»»

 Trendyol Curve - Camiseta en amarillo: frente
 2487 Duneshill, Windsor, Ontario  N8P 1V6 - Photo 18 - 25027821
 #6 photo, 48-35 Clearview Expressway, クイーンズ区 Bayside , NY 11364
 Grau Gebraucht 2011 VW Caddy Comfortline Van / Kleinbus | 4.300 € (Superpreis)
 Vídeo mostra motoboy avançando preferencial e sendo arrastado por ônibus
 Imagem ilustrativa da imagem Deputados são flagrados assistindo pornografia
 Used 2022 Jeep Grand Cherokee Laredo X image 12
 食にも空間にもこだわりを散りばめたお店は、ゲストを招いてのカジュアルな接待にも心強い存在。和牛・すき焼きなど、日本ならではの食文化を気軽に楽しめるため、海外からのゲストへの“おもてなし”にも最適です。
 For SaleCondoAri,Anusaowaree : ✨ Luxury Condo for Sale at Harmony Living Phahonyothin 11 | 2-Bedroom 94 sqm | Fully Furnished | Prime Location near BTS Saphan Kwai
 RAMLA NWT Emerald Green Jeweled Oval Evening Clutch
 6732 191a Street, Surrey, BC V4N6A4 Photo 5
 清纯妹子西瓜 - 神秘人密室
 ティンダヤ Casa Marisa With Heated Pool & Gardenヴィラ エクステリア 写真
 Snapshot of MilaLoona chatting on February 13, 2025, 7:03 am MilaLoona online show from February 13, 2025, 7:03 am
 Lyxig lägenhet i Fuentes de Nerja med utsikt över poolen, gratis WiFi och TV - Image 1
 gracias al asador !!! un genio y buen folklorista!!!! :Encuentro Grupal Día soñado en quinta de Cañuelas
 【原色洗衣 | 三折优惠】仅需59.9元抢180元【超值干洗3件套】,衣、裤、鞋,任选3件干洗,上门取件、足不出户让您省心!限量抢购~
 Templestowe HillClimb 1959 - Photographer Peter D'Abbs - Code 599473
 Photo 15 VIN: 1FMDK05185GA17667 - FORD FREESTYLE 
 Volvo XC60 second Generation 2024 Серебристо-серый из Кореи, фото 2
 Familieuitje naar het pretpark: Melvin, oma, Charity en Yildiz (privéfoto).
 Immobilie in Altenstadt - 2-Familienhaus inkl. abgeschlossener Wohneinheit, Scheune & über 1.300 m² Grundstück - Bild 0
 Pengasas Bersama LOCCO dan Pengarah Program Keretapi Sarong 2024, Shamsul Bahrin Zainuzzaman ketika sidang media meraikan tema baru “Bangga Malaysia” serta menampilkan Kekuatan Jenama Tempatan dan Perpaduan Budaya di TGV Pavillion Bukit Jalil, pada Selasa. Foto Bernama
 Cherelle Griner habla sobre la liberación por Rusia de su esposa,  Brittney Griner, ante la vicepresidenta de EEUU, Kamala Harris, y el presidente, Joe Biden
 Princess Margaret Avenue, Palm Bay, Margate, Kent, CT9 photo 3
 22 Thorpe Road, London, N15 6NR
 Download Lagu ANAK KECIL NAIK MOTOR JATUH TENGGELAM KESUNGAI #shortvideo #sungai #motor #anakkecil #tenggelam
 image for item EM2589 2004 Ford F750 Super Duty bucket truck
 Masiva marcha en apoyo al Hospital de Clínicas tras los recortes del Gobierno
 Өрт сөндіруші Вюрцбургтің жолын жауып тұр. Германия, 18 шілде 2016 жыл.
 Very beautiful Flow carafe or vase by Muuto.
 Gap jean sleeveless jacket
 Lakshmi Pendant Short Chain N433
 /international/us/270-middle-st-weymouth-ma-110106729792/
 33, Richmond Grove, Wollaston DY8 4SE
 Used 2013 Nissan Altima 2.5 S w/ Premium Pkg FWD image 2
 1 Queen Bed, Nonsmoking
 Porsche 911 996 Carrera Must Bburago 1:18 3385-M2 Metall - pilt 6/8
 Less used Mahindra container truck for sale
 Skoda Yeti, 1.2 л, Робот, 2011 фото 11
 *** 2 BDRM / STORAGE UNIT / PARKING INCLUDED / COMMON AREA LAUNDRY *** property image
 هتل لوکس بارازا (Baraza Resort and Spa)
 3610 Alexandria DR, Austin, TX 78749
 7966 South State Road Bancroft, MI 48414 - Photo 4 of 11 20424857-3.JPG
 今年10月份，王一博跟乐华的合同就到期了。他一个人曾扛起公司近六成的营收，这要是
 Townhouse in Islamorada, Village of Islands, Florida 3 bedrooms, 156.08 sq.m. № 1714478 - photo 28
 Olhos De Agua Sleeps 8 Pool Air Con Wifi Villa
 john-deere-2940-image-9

««

Work required> Exact duplication is required for the lines above, from the line that contains "Lyxig lägenhet i" to the line that contains "Familieuitje naar het", inclusive; omit all others.

Solution to the exercise>
 Lyxig lägenhet i Fuentes de Nerja med utsikt över poolen, gratis WiFi och TV - Image 1
 gracias al asador !!! un genio y buen folklorista!!!! :Encuentro Grupal Día soñado en quinta de Cañuelas
 【原色洗衣 | 三折优惠】仅需59.9元抢180元【超值干洗3件套】,衣、裤、鞋,任选3件干洗,上门取件、足不出户让您省心!限量抢购~
 Templestowe HillClimb 1959 - Photographer Peter D'Abbs - Code 599473
 Photo 15 VIN: 1FMDK05185GA17667 - FORD FREESTYLE 
 Volvo XC60 second Generation 2024 Серебристо-серый из Кореи, фото 2
 Familieuitje naar het pretpark: Melvin, oma, Charity en Yildiz (privéfoto).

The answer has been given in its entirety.